Agroalimentaire, énergie, santé… Les biotechnologies sont partout, on le sait. Forcément, avec autant de champs d’application possibles, les sciences du vivant (et de l’infiniment petit) trouvent également leur voie au-delà de la Terre, dans l’immensité de l’espace. Lors de sa dernière conférence interprofessionnelle organisée le 29 novembre 2022, Sup’Biotech s’est justement intéressé à la trajectoire des biotechs au travers des étoiles en invitant plusieurs experts du sujet.
Les biotechnologies dans l’espace pour suivre la santé des astronautes
Pour ouvrir cette conférence spéciale, quoi de plus normal que commencer par un focus sur un projet de recherche de Sup’Biotech touchant à cette thématique ? Nommé « Cerebral Ageing », ce dernier est mené depuis quatre ans par le laboratoire CellTechs de l’école en collaboration avec l’Institut Pasteur et le Centre national d’études spatiales (CNES) avec un objectif : étudier le processus de vieillissement cellulaire et moléculaire lors de longs voyages dans l’espace et ainsi répondre aux interrogations concernant les effets des radiations cosmiques, de la micropesanteur, du stress oxydatif ou encore du confinement sur les astronautes qui se relaient à bord de la Station spatiale internationale (ISS).
Le défi de « Cerebral Ageing » repose sur l’envoi dans l’espace d’organoïdes cérébraux conçus à partir de cellules souches pluripotentes cultivées in vitro en 3D, une biotechnologie dans laquelle est spécialisée CellTechs (notamment pour la recherche sur la maladie d’Alzheimer ou la toxicologie). Évidemment, un tel challenge nécessite une organisation méticuleuse et un travail de fond. « Le projet a débuté suite à un appel d’offres du CNES destiné à savoir ce qu’il se passe dans le cerveau d’un astronaute, rappelle Frank Yates, directeur de la recherche à Sup’Biotech. Or, pour développer ce projet, il a d’abord fallu comprendre comment on pouvait cultiver des cellules dans l’espace sur l’ISS. C’est ainsi que nous avons découvert l’existence du Space Automated Bioproduct Lab (SABL) construit par le laboratoire BioServe de l’University of Colorado Boulder. »

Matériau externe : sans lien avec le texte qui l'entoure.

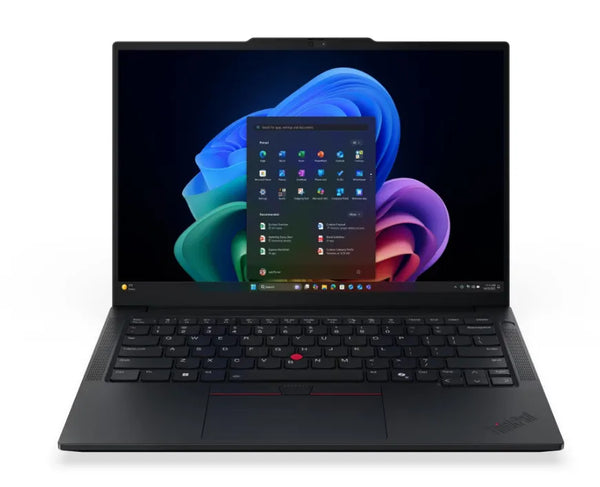 LENOVO THINKPAD E14 GEN 7 (21U20032GP) INTEL CORE ULTRA 7-258V-4.8GHz, 32GB RAM, 512GB SSD, 14.0" WUXGA IPS, CAMERA, FPR, BT, WIFI, DOS, INTEGRATED INTEL ARC 140V GRAPHICS, BLACK, 1 YEAR WARRANTY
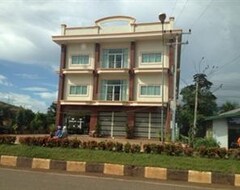 Khách sạn Phommala (Pakxé, Lào)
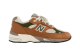 New Balance Aim Leon Dore x 991 Made in England (W991LIO) bunt 3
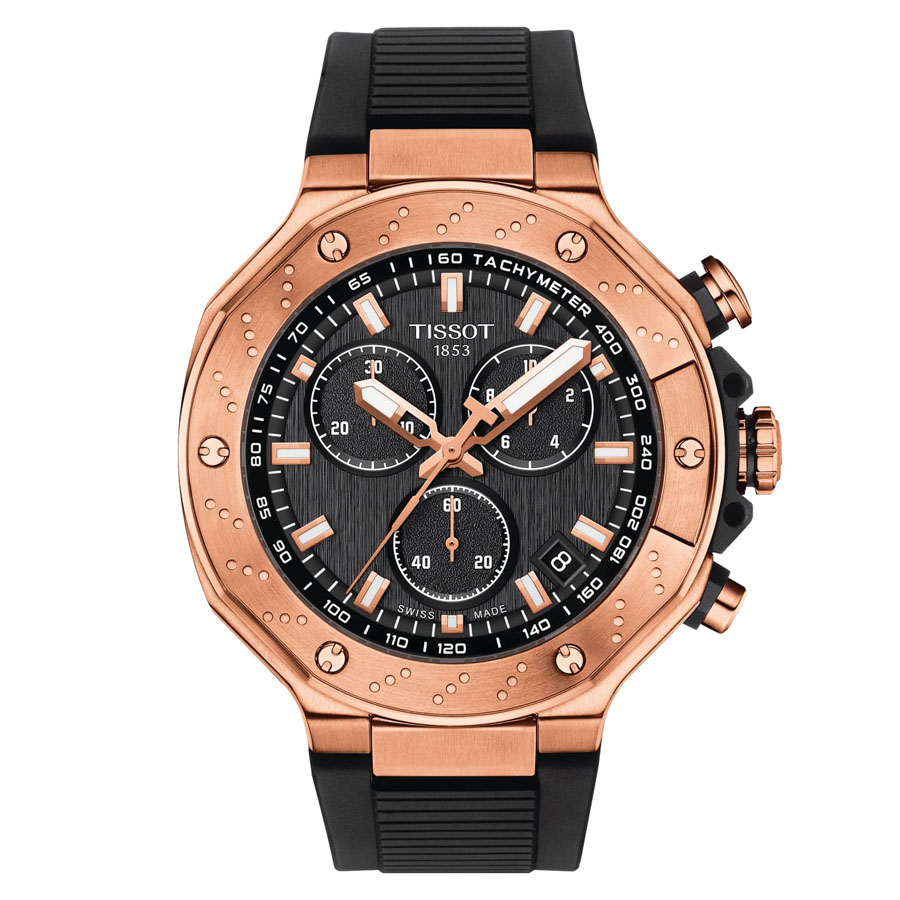 Tissot T1414173705100  Фото 1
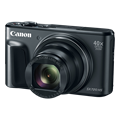 Canon PowerShot SX720 HS boasts new 40x zoom lens with a compact form factor
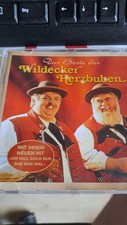Wildecker Herzbuben - Das Beste der Wildecker Herzbuben CD - KULT - HITS - VOLKS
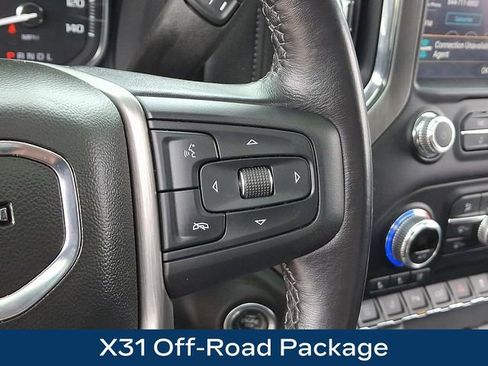 Used 2022 GMC Sierra 2500 Denali AWD/4WD image 8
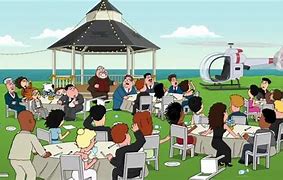 Image result for Family Guy Season 20 Episode 14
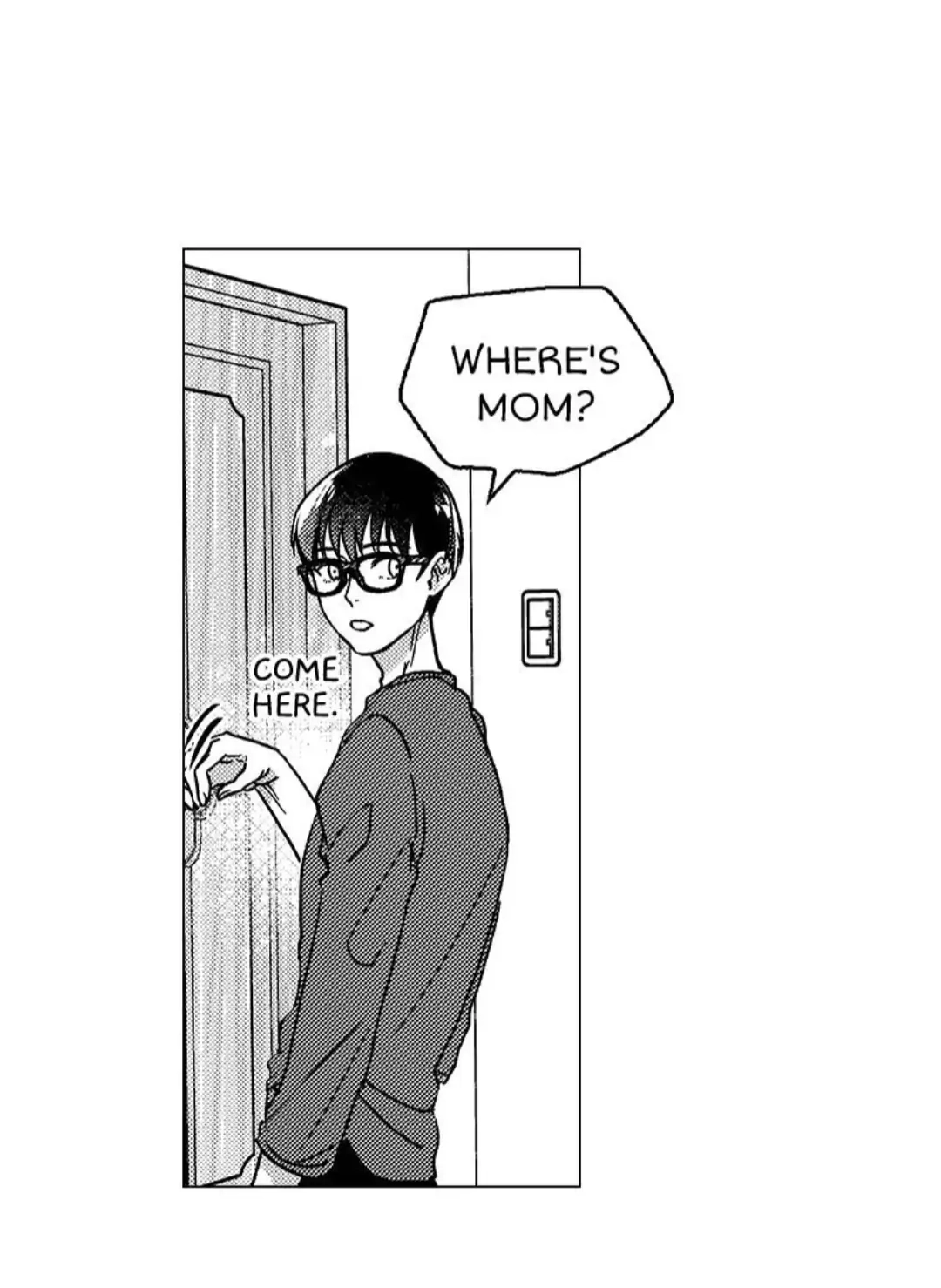 Read Wolves Candy chapter 15 image 12 on Lezhin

Les équipes du projet, qui comprend une ancienne élève de l’école, Tara Fournier, maintenant en doctorat à l’Institut Pasteur, ont alors travaillé avec les chercheurs américains pour vérifier si cette solution était bien adaptée à ses organoïdes cérébraux, par exemple en plaçant ces compartiments de culture, appelés BioCell, dans un simulateur de microgravité qui tourne continuellement. « Tout au long de la culture, on a voulu suivre la morphologie des organoïdes et, au final, la culture en BioCell ne semble pas affecter leur croissance, assure Lucie Madrange, assistante ingénieure à Sup’Biotech. Nous avons ensuite réfléchi à une autre question importante, celle du transport de ces organoïdes jusqu’à Cap Canaveral. D’où une autre collaboration, cette fois avec l’entreprise allemande Cellbox qui a développé des incubateurs portatifs nous assurant après tests, la viabilité des cellules transportées sur 48h. »
Les biotechnologies dans l’espace pour préparer les futures explorations…
Aujourd’hui, l’équipe du projet espère pouvoir envoyer ses organoïdes à bord de l’ISS d’ici fin 2023, en espérant que la mission qui les verra décoller ne connaisse pas autant de reports qu’Artemis-1. Pour Miria Ricchetti, directrice de recherche et cheffe de groupe à l’Institut Pasteur, cette expérience, si elle aboutit, ouvrira la porte à d’autres recherches plus poussées, comme la culture dans l’ISS d’organoïdes cérébraux avec une mutation engendrant le vieillissement accéléré ou le développement de bioréacteurs plus performants et entièrement automatisés : « Nous faisons cela pour préparer la santé physique des astronautes pour des vols habités lointains et de longue durée, mais aussi une meilleure compréhension des processus dégénératifs en général et ainsi identifier les facteurs à risques et facteurs de protection ! »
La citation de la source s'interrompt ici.